EXERCISE BRIEF » The pictures do not go in the copy. Reproduce the rest of the entries exactly.

DATA IN THIS EXERCISE »
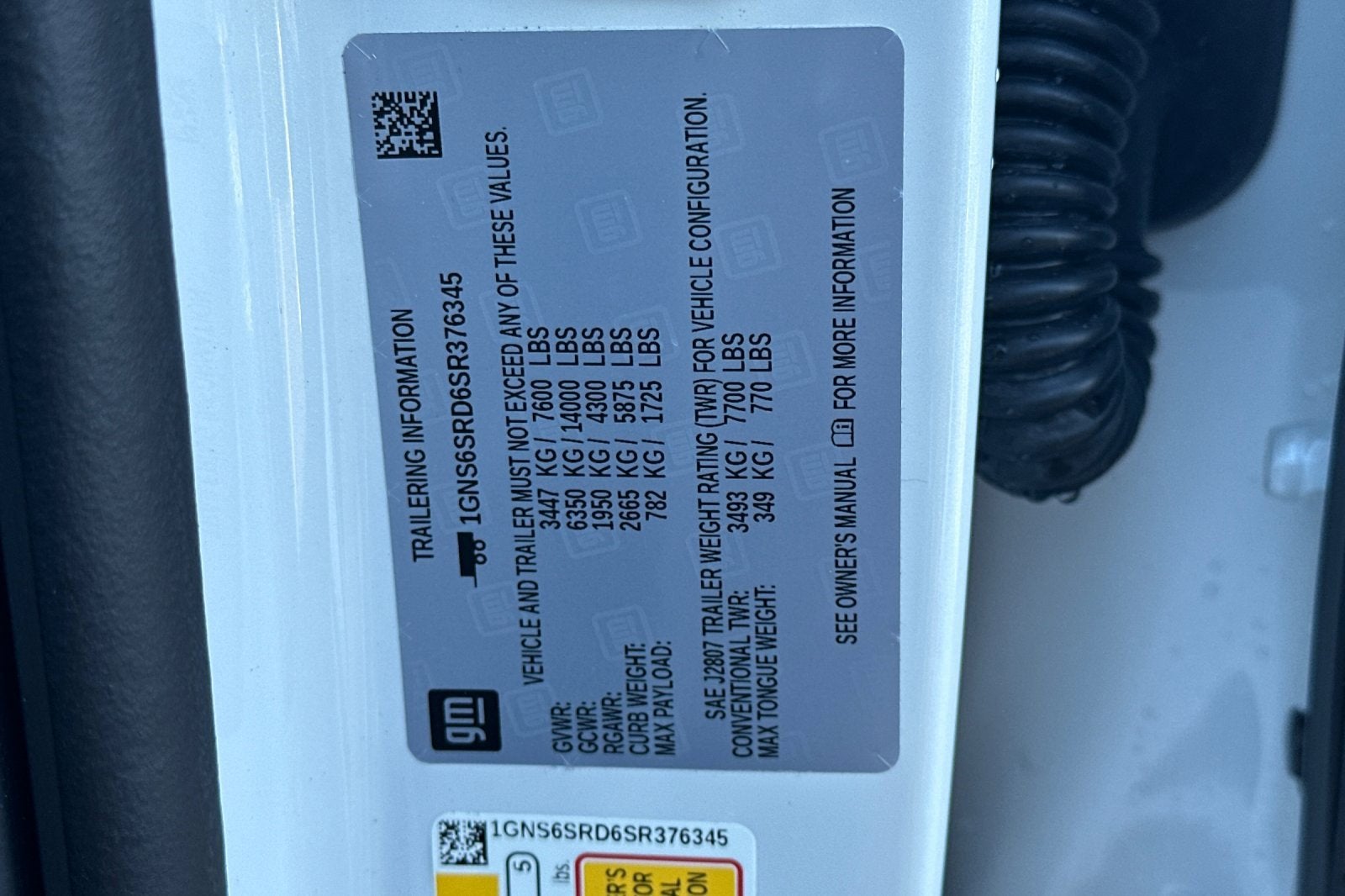 2025 Chevrolet Tahoe Premier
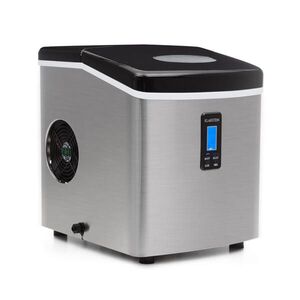 Imagine Klarstein Mr. Black-Frost mașină de gheață 150W neagră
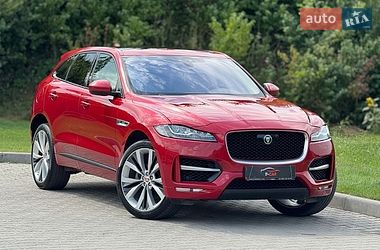 Внедорожник / Кроссовер Jaguar F-Pace 2018 в Тернополе фото 2 Внедорожник / Кроссовер Jaguar F-Pace 2018 в Тернополе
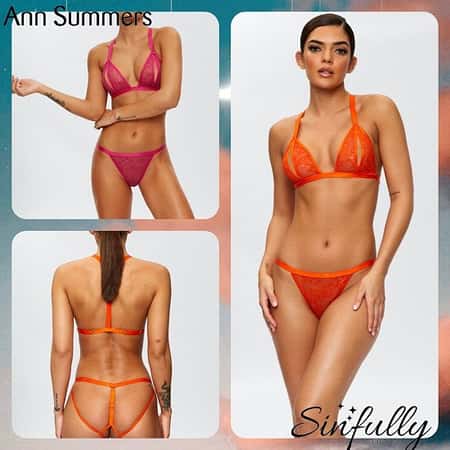 Monroe Crotchless Set £15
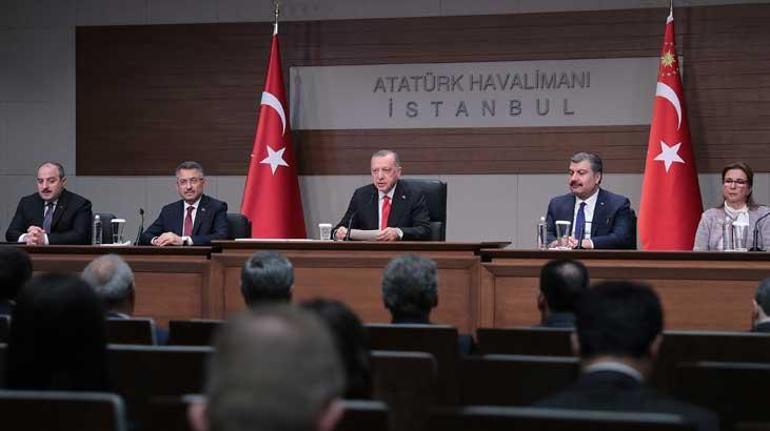 Cumhurbaşkanı Erdoğandan PKK/YPG-rejim anlaştı iddiasına açıklama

PROBLEM SOLUTION »
 2025 Chevrolet Tahoe Premier
 Imagine Klarstein Mr. Black-Frost mașină de gheață 150W neagră
 Внедорожник / Кроссовер Jaguar F-Pace 2018 в Тернополе фото 2 Внедорожник / Кроссовер Jaguar F-Pace 2018 в Тернополе
 Monroe Crotchless Set £15
 Cumhurbaşkanı Erdoğandan PKK/YPG-rejim anlaştı iddiasına açıklama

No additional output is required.